Another development is the revival this year of the Christmas Fox – in a larger, more readable format. Those of you who’ve been with us from early on may remember the first two in this series – little paperbound pieces of original writing which (at £5) stand beautifully on their own as small presents or elegant substitutes for a card. We gave ourselves a break in order to establish the Slightly Foxed Editions, but this year our regular contributor and award-winning short-story writer Linda Leatherbarrow came up with a story we found irresistible. Between the Lines features two rather solitary people, a cat and a printing press – we loved it and think you will too.
We’re also especially pleased with the latest of the Slightly Foxed Editions, the author-illustrator Edward Ardizzone’s memoir of his Edwardian childhood, The Young Ardizzone (see p. 14). Written with the mixture of gentle humour and sharp observation that characterizes his drawings, and illustrated on almost every page, it tells the story of a somewhat peripatetic childhood spent, with his brother and sister, in the care of their much-loved but irascible grandmother while his parents were mainly absent in the Far East, where his father was a telegraph engineer. A must for fans of Ardizzone, young and old, and an excellent introduction for those who haven’t yet discovered him.

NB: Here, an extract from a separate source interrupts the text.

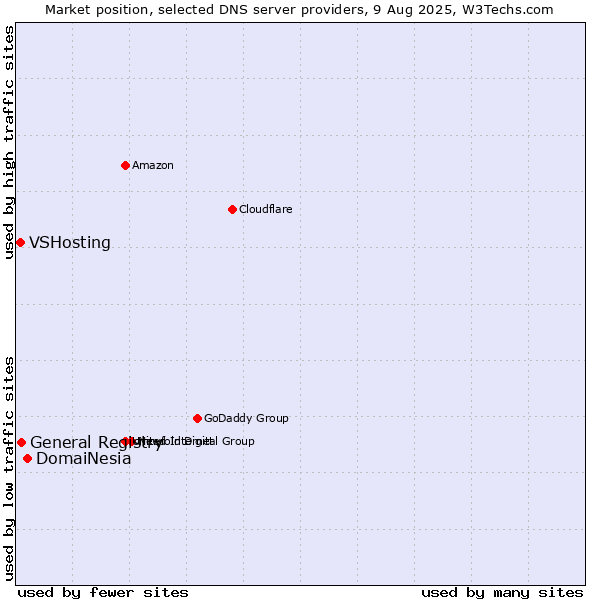Market position of DomaiNesia vs. General Registry vs. VSHosting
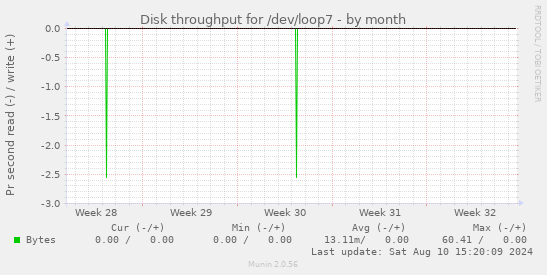 Disk throughput for /dev/loop7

And finally, by popular request, another literary Christmas crossword. You’ll find it tucked into this issue. Entries should reach us no later than 14 January, and the first correct one to be drawn out of a hat will receive a year’s free subscription.
So put your feet up, charge your glass with something cheering and escape, for a moment, troubling thoughts of government cuts, global warming, the challenge of the e-book and other similar worries. As always, we do thank you for your loyalty and send you our very best wishes for the coming year.